== EXTRACTED MATERIAL

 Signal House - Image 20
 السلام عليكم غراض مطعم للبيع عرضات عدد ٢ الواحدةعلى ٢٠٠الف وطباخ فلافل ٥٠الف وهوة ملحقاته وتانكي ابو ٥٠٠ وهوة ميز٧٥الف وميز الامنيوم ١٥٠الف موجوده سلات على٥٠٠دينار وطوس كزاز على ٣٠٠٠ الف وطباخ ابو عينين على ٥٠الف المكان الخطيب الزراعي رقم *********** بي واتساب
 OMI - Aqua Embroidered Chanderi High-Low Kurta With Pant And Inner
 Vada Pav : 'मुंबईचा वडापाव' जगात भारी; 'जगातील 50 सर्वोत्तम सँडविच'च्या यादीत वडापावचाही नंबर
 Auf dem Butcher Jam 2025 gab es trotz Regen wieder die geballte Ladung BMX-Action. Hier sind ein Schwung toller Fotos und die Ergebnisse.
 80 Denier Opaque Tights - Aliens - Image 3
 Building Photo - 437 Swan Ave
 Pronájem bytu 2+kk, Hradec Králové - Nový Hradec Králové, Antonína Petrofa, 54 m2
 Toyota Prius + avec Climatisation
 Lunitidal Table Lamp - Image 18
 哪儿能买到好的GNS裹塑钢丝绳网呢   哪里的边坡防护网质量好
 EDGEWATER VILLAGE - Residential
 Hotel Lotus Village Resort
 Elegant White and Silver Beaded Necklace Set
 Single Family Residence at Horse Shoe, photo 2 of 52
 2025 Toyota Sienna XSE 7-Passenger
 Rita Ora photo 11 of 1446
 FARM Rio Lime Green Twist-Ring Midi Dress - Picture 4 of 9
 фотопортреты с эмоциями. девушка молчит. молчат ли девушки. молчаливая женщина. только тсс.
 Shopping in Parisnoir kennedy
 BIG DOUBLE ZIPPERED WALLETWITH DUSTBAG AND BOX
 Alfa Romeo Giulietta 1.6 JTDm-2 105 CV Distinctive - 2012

====

* **THE TASK**: Set down the whole listing again. Keep every word as it is.

* **TASK OUTPUT**:
 Signal House - Image 20
 السلام عليكم غراض مطعم للبيع عرضات عدد ٢ الواحدةعلى ٢٠٠الف وطباخ فلافل ٥٠الف وهوة ملحقاته وتانكي ابو ٥٠٠ وهوة ميز٧٥الف وميز الامنيوم ١٥٠الف موجوده سلات على٥٠٠دينار وطوس كزاز على ٣٠٠٠ الف وطباخ ابو عينين على ٥٠الف المكان الخطيب الزراعي رقم *********** بي واتساب
 OMI - Aqua Embroidered Chanderi High-Low Kurta With Pant And Inner
 Vada Pav : 'मुंबईचा वडापाव' जगात भारी; 'जगातील 50 सर्वोत्तम सँडविच'च्या यादीत वडापावचाही नंबर
 Auf dem Butcher Jam 2025 gab es trotz Regen wieder die geballte Ladung BMX-Action. Hier sind ein Schwung toller Fotos und die Ergebnisse.
 80 Denier Opaque Tights - Aliens - Image 3
 Building Photo - 437 Swan Ave
 Pronájem bytu 2+kk, Hradec Králové - Nový Hradec Králové, Antonína Petrofa, 54 m2
 Toyota Prius + avec Climatisation
 Lunitidal Table Lamp - Image 18
 哪儿能买到好的GNS裹塑钢丝绳网呢   哪里的边坡防护网质量好
 EDGEWATER VILLAGE - Residential
 Hotel Lotus Village Resort
 Elegant White and Silver Beaded Necklace Set
 Single Family Residence at Horse Shoe, photo 2 of 52
 2025 Toyota Sienna XSE 7-Passenger
 Rita Ora photo 11 of 1446
 FARM Rio Lime Green Twist-Ring Midi Dress - Picture 4 of 9
 фотопортреты с эмоциями. девушка молчит. молчат ли девушки. молчаливая женщина. только тсс.
 Shopping in Parisnoir kennedy
 BIG DOUBLE ZIPPERED WALLETWITH DUSTBAG AND BOX
 Alfa Romeo Giulietta 1.6 JTDm-2 105 CV Distinctive - 2012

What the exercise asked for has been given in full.